BOSTON (CBS/AP) — Crowds gathered around New England for local versions of the third annual Women’s March that took place around the country on Saturday.
Boston’s version of the march took place on Boston Common. Newly elected Rep. Ayanna Pressley addressed the large crowd.
Those wanting to march for women in New Hampshire had their pick of locations.
The New Hampshire Woman’s March was held outside the Statehouse in Concord, where organizers say the message is “We’ve Only Just Begun” in terms of advancing and protecting women’s rights.
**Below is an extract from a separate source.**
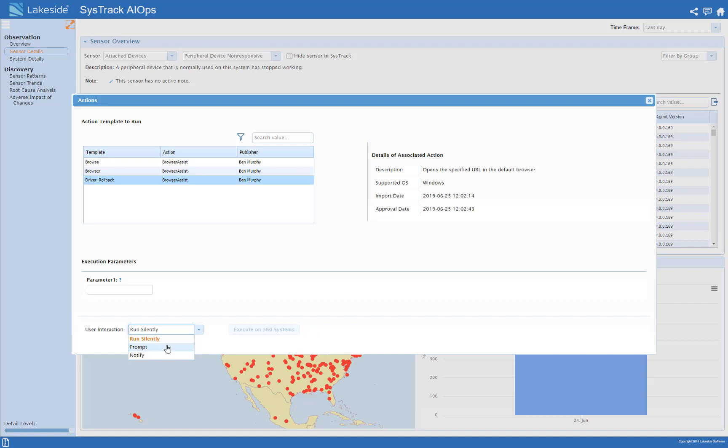So I could prompt the user which means it will give them an option about whether or not to run the action. I could notify them which means they'll be notified that the action is being taken but they won't be able to prevent the action from happening.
According to the New Hampshire Women’s Foundation, 34 percent of the seats in the New Hampshire House and 10 of the 24 seats in the Senate are held by women. That’s the highest this decade, though fewer than who served in the record session of 2009-2010.
Occupy New Hampshire Seacoast and other groups also are hosted a women’s march in Portsmouth.
The original march in 2017, the day after President Donald Trump’s inauguration, drew hundreds of thousands of people. The exact size of the turnout remains subject to a politically charged debate, but it’s generally regarded as the largest Washington protest since the Vietnam era.
This year’s march has been roiled by an intense ideological debate.
In November, Teresa Shook, one of the movement’s founders, accused the four main leaders of the national march organization of anti-Semitism. The accusation was leveled at two primary leaders: Linda Sarsour, a Palestinian-American who has criticized Israeli policy, and Tamika Mallory, who has maintained an association with Nation of Islam leader Louis Farrakhan.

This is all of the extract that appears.